WORK ITEM
With the pictures left out, return exactly the lines from the one containing "VW T-Roc 1,5 TSI DSG (2025) - Foto 8" through the end of the listing below.

(RECORD SET begins)

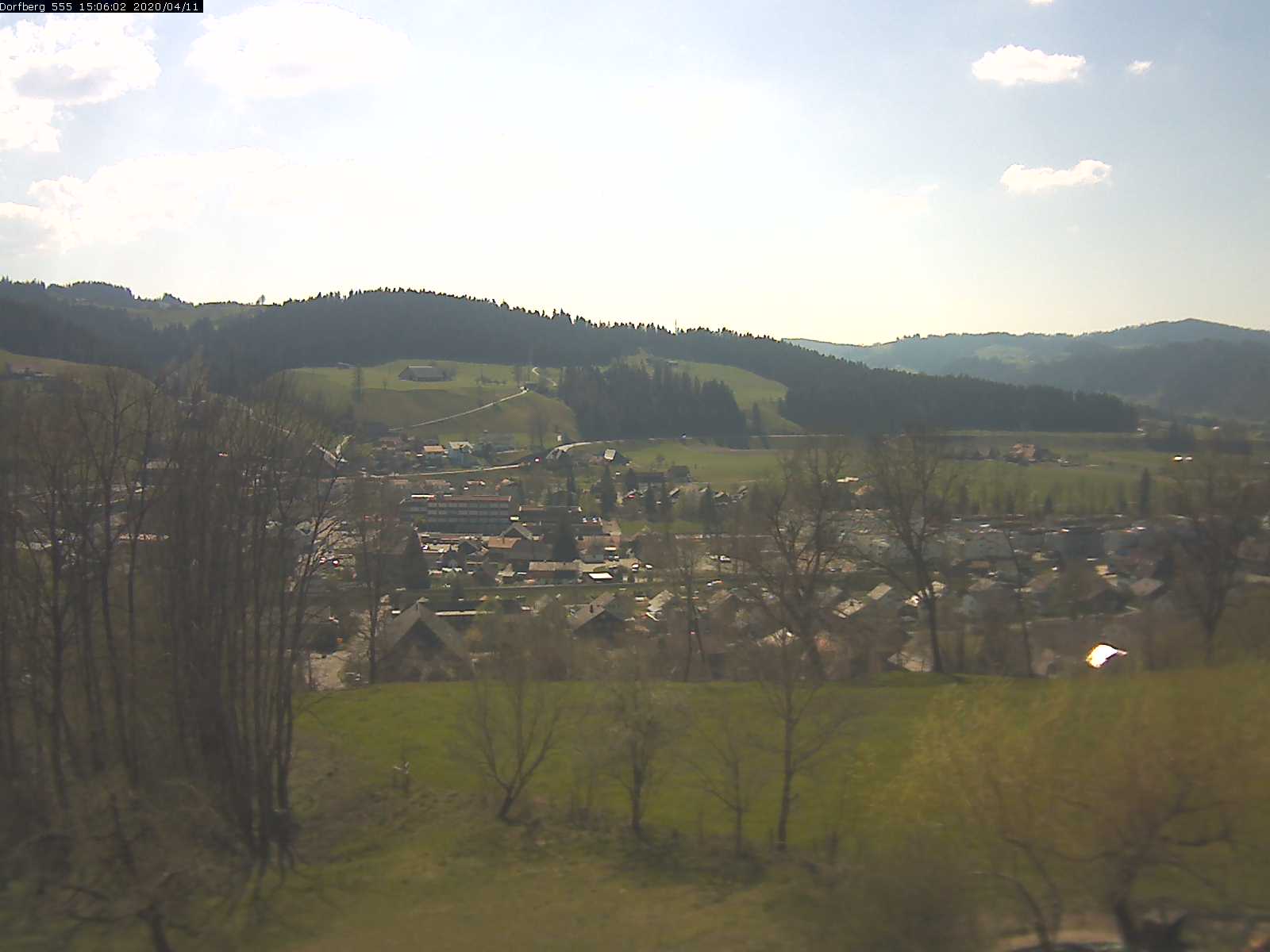 Webcam-Bild: Aussicht vom Dorfberg in Langnau 20200411-150601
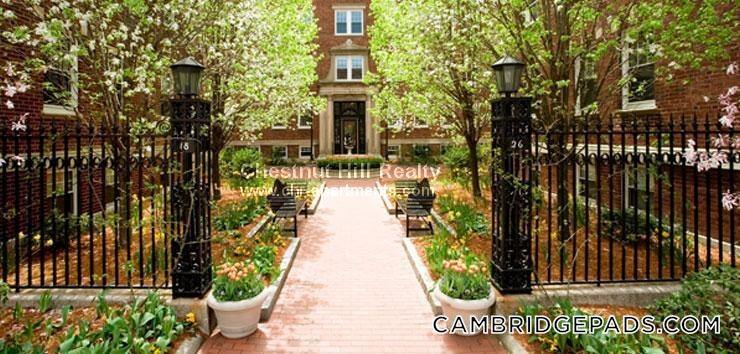 Building Photo - 18 Chauncy St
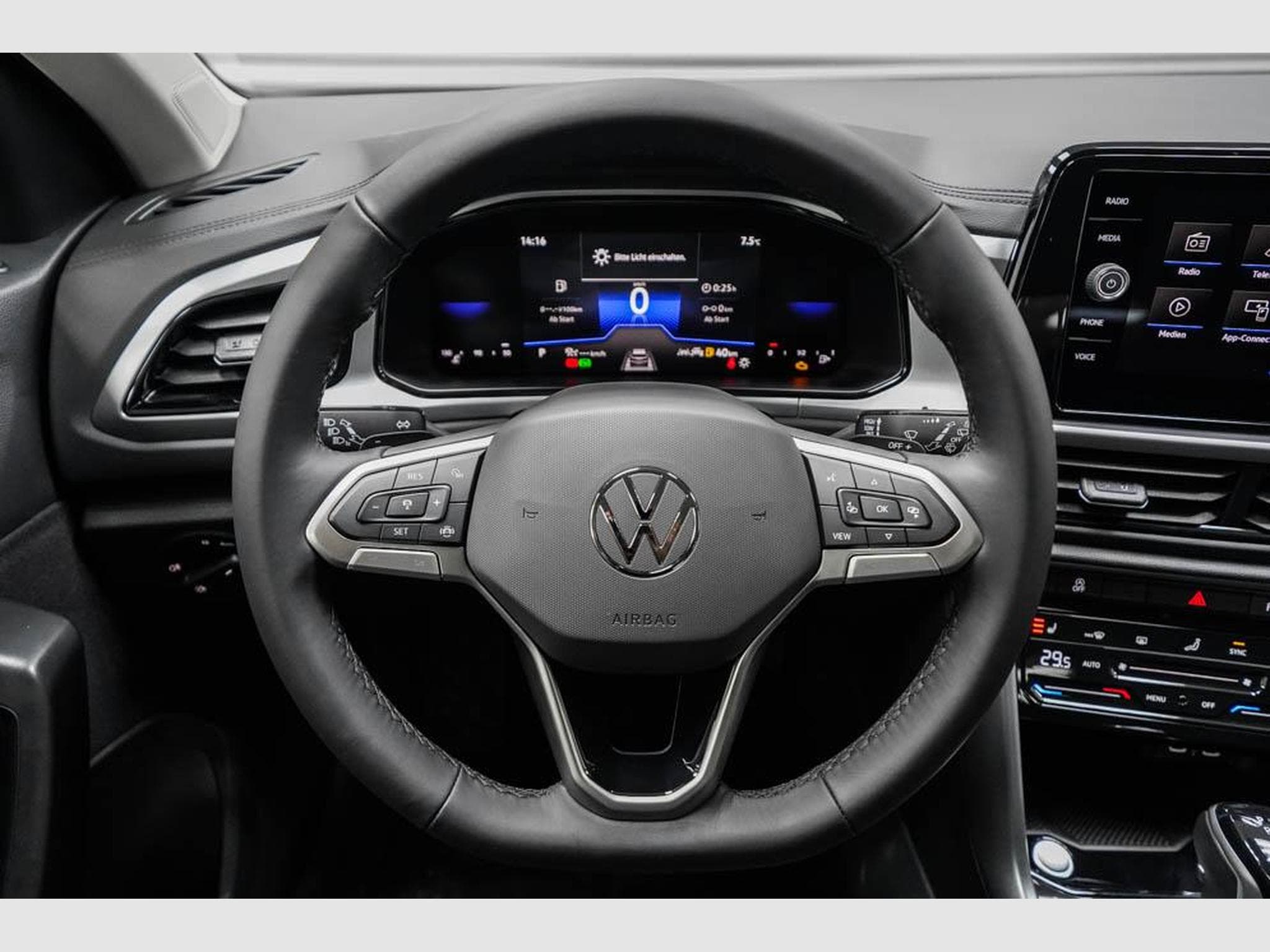 VW T-Roc 1,5 TSI DSG (2025) - Foto 8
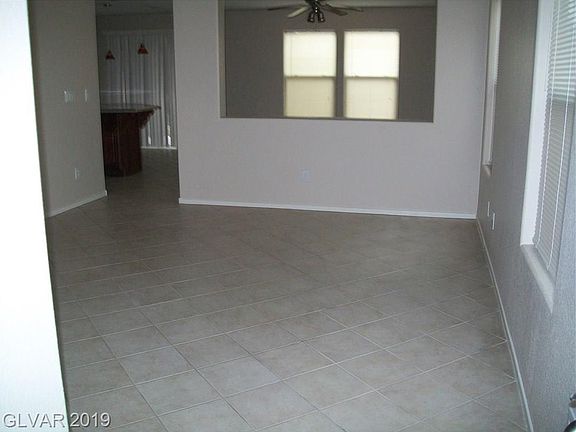 5th image of 92 Dark Creek Ave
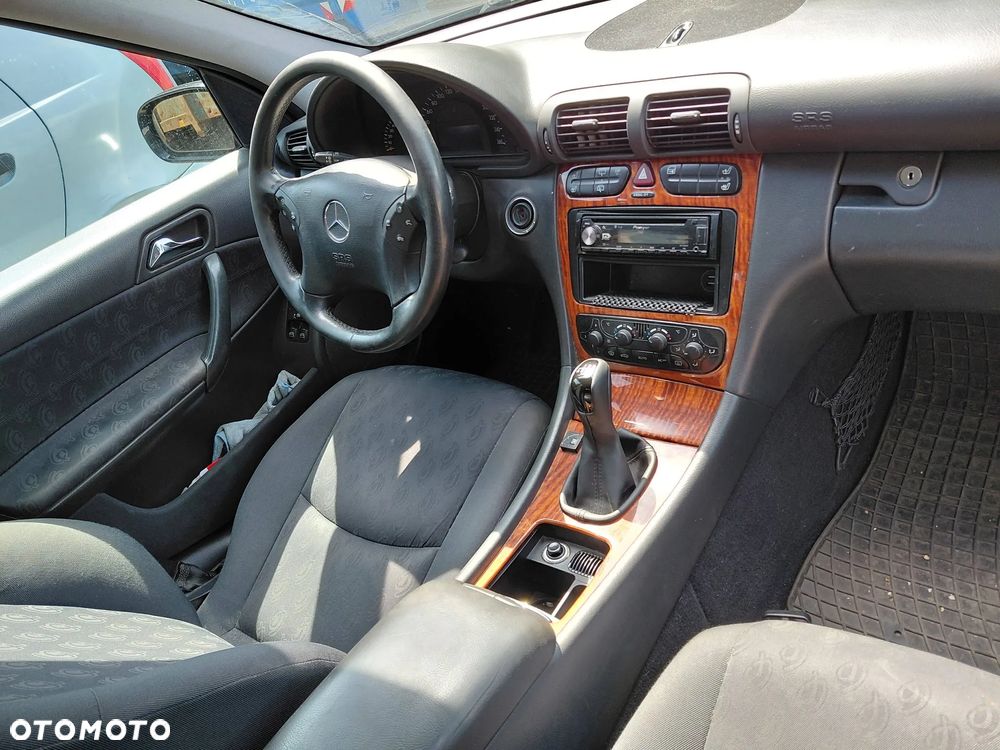 Na części: Daimlerchrysler Mercedes c 180 Rok 2002 Pojemność 1796 Moc 105 kw Benzyna - 6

(RECORD SET ends)

TASK OUTPUT
 VW T-Roc 1,5 TSI DSG (2025) - Foto 8
 5th image of 92 Dark Creek Ave
 Na części: Daimlerchrysler Mercedes c 180 Rok 2002 Pojemność 1796 Moc 105 kw Benzyna - 6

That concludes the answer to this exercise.